Word for word, reproduce each line of the data below, omitting every image.

INFORMATION SUPPLIED:
⟨
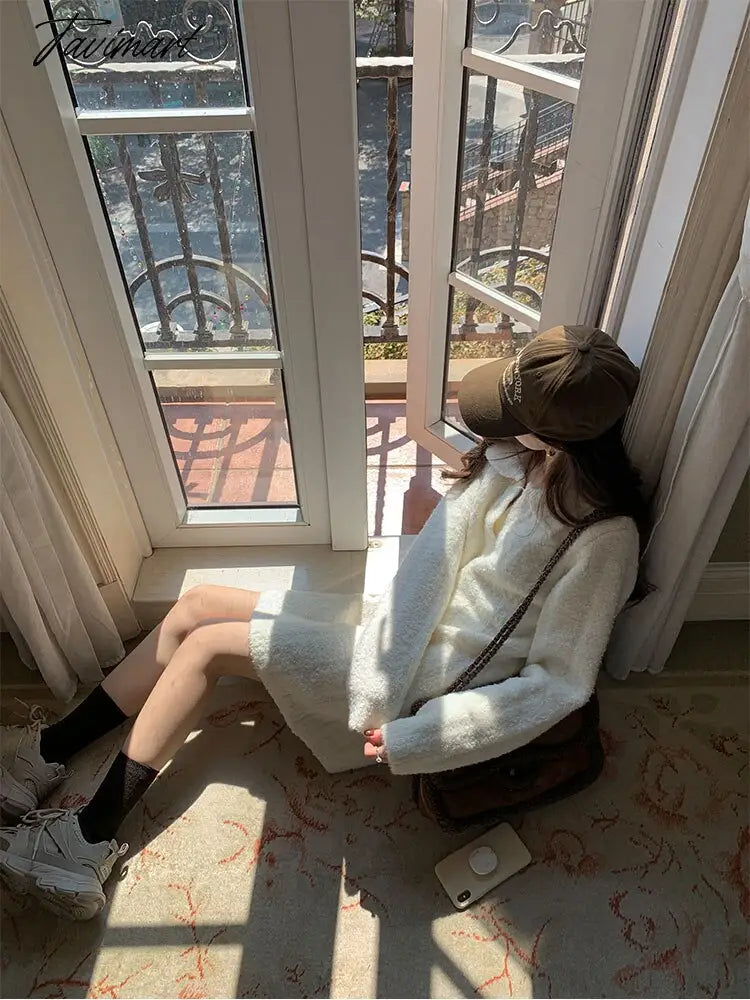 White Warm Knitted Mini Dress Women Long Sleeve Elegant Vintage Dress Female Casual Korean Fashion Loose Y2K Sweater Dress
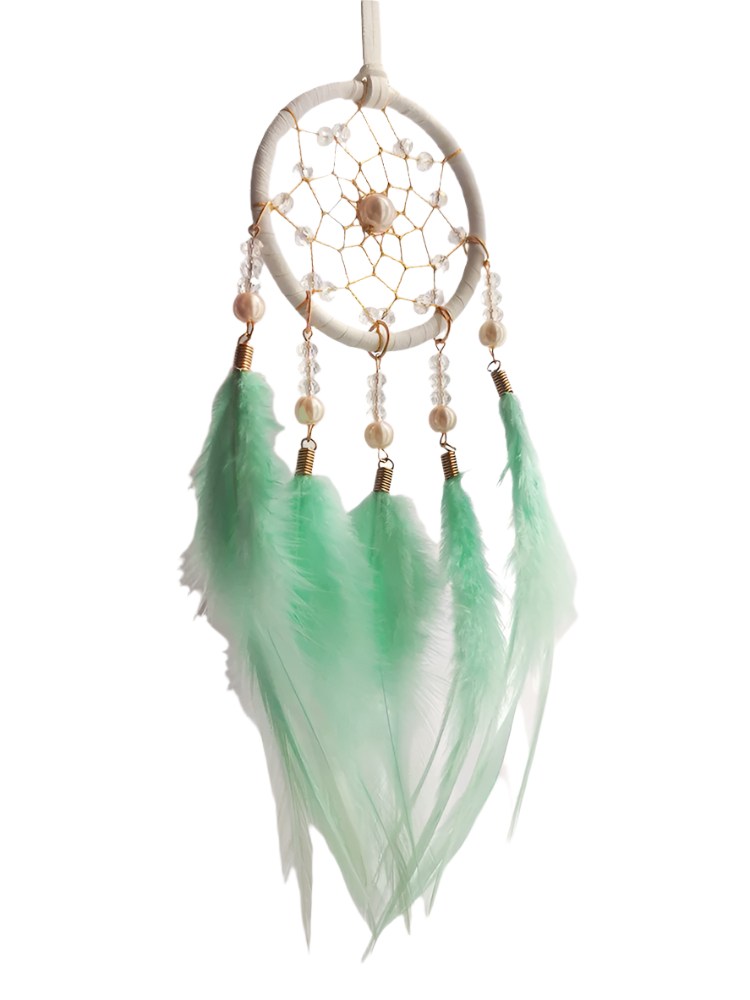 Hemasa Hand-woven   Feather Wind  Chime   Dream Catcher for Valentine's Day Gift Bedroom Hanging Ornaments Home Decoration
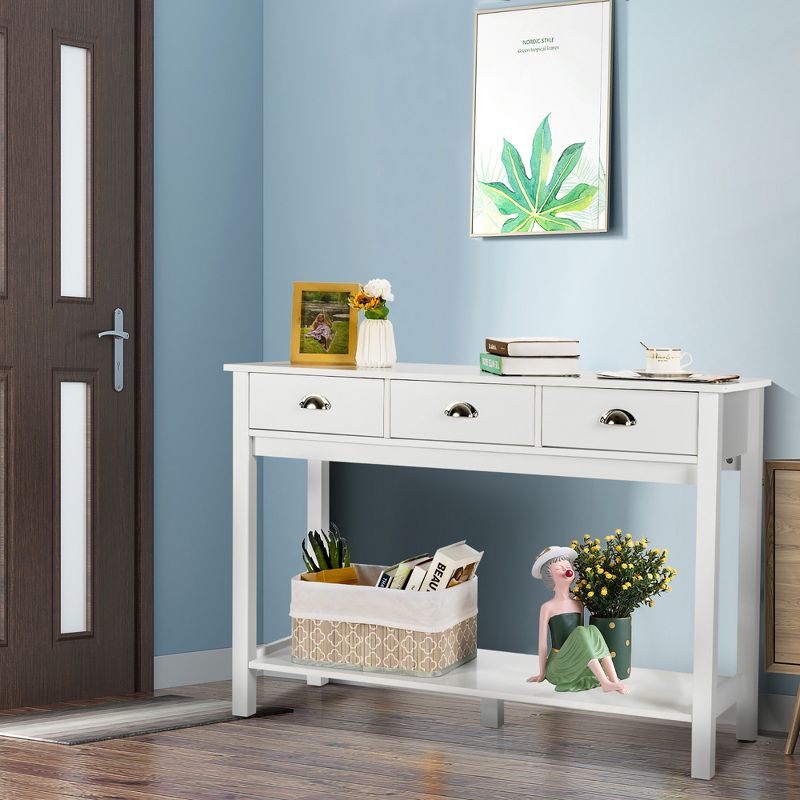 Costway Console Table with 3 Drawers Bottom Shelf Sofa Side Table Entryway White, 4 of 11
⟩
COMPLETED TASK:
 White Warm Knitted Mini Dress Women Long Sleeve Elegant Vintage Dress Female Casual Korean Fashion Loose Y2K Sweater Dress
 Hemasa Hand-woven   Feather Wind  Chime   Dream Catcher for Valentine's Day Gift Bedroom Hanging Ornaments Home Decoration
 Costway Console Table with 3 Drawers Bottom Shelf Sofa Side Table Entryway White, 4 of 11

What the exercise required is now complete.